Alissa Valles
Poet and translator Alissa Valles was born in Amsterdam to a Dutch mother and an American father. Raised in the United States and the Netherlands, she was educated at the UCL School of Slavonic and East European Studies in London. She is the author of the poetry collections Orphan Fire (2008); Anastylosis (Whitechapel Art Gallery 2014), a collaboration with artists Andres Ayerbe and Camille Leproust; and Hospitium (MadHat Books, 2019). Valles has also published poetry under the name Alissa Leigh.
In her concise yet sweeping poems, Valles seeks an elemental level of unity, bending self, place, and history into clear-eyed inquiry. In a 2009 interview with Claire McQuerry for the Four Way Books blog, Valles stated, “Studying languages certainly contributes to a sense of the boundaries of language, but it also forces you to think or dream about a possible underlying unity, some kind of deep grammar, built into the mind. I for one am very susceptible to metaphors drawn from the Chomskian theory (or myth).

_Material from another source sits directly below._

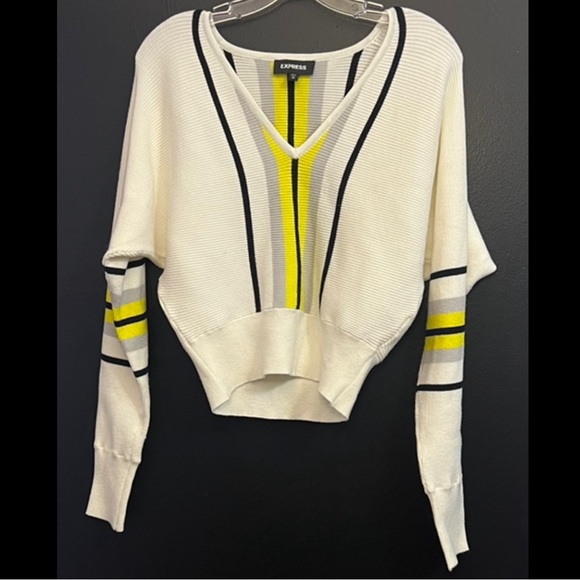 Express Sweaters - EXPRESS White V-Neck Bat Sleeve Sweater with HighLighter Yellow and Grey Stripe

At the same time, language is so bound up with ‘who we are’ that it makes a good framework for exploring the ambiguities of selfhood.” In a starred Publishers Weekly review of Orphan Fire, the reviewer praised the “terse, learned, harsh collection,” noting that “Valles adapts almost equally well to very long lines and to short ones, to Continental and to American scenes. … When she takes a longer view, adapting ancient myths or ancient authors, her lapidary talents are almost unequaled.”
Valles is the editor and co-translator of Zbigniew Herbert’s Collected Poems 1956–1998 (2008) as well as Herbert’s The Collected Prose 1948–1998 (2010). She has contributed to Polish Writers on Writing (2007, edited by Adam Zagajewski) and the New European Poets (2008, edited by Wayne Miller and Kevin Prufer). A recipient of the Poetry Magazine Ruth Lilly Poetry Fellowship and the Bess Hokin Prize, Valles has worked for the BBC, the Dutch Institute of War Documentation, the Jewish Historical Institute, and Warsaw’s La Strada International and has served as an editor for the online literary journal Words Without Borders. She lives in Cambridge, Massachusetts.